TRY IT — Would you transcribe only the lines from the one holding "Traueranzeige von Marianne" through the end of the material, exactly, without any pictures?
= Beginning of Section =
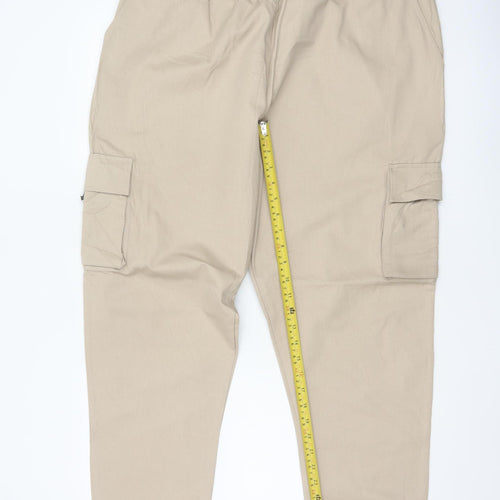 boohooMAN Men's Beige 4XL Cargo Trousers Cotton Cuffed Joggers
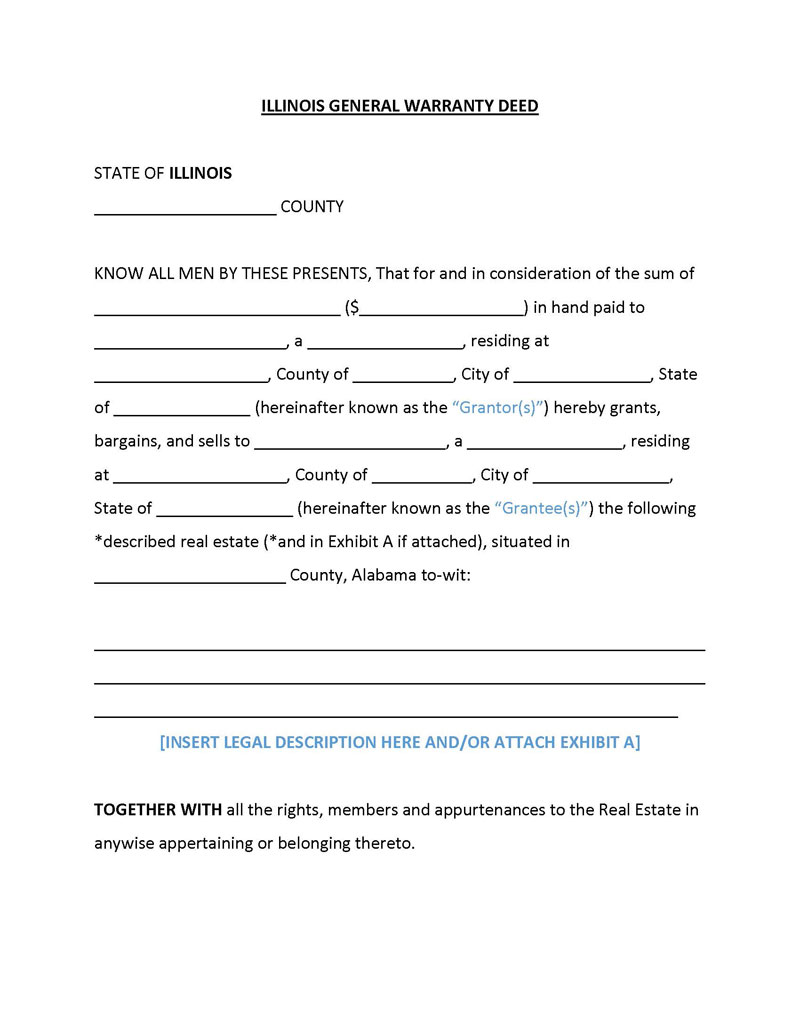 Free Printable Illinois General Warranty Deed Form as Word Document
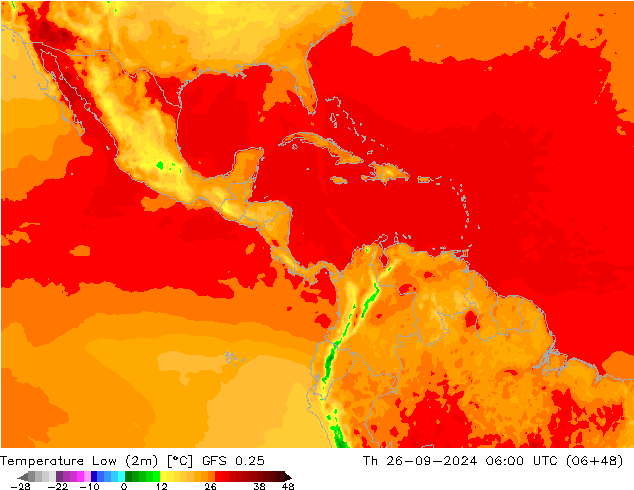 Temperature Low (2m) GFS 0.25 Th 26.09.2024 06 UTC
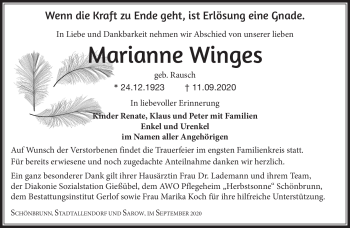 Traueranzeige von Marianne Winges von Südthüringer Presse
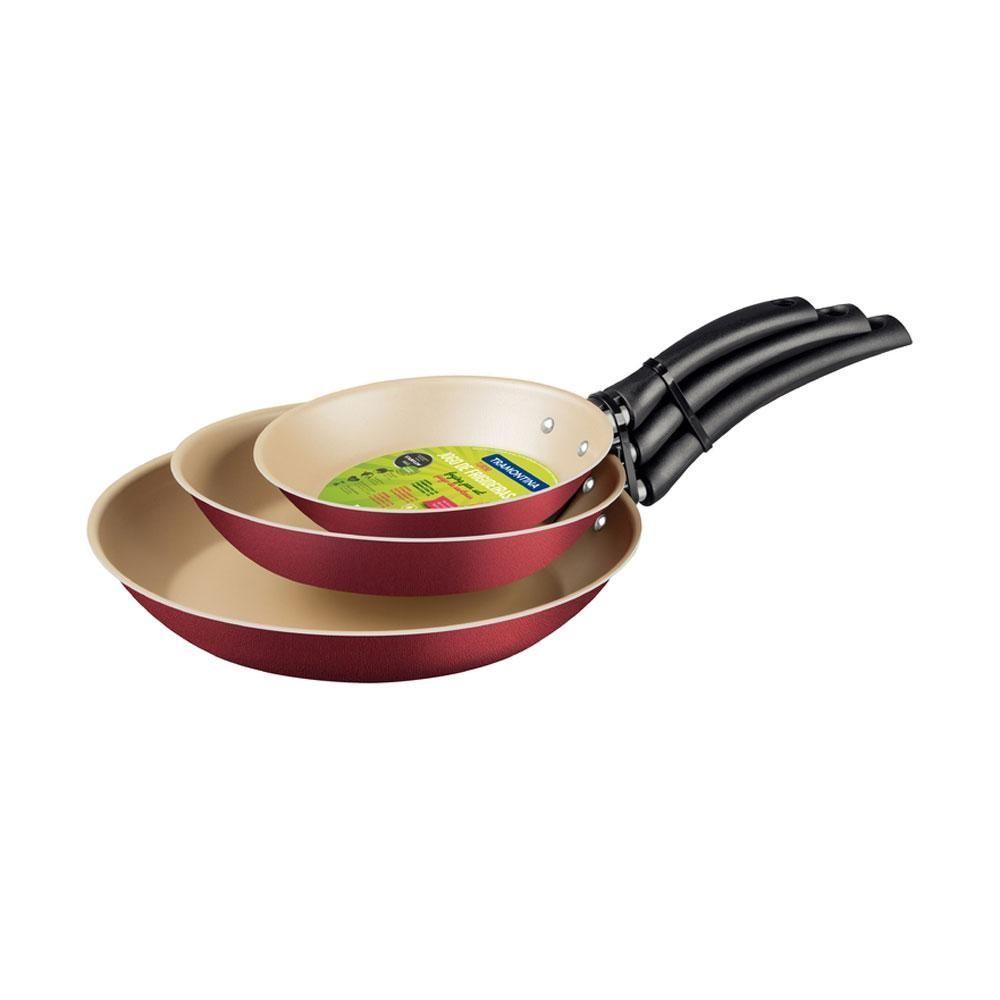 Jogo De Frigideiras Turim Em Alumínio Antiaderente Starflon Vermelho 3 Pcs - Tramontina - 9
= End of Section =
TASK RESPONSE —
 Traueranzeige von Marianne Winges von Südthüringer Presse
 Jogo De Frigideiras Turim Em Alumínio Antiaderente Starflon Vermelho 3 Pcs - Tramontina - 9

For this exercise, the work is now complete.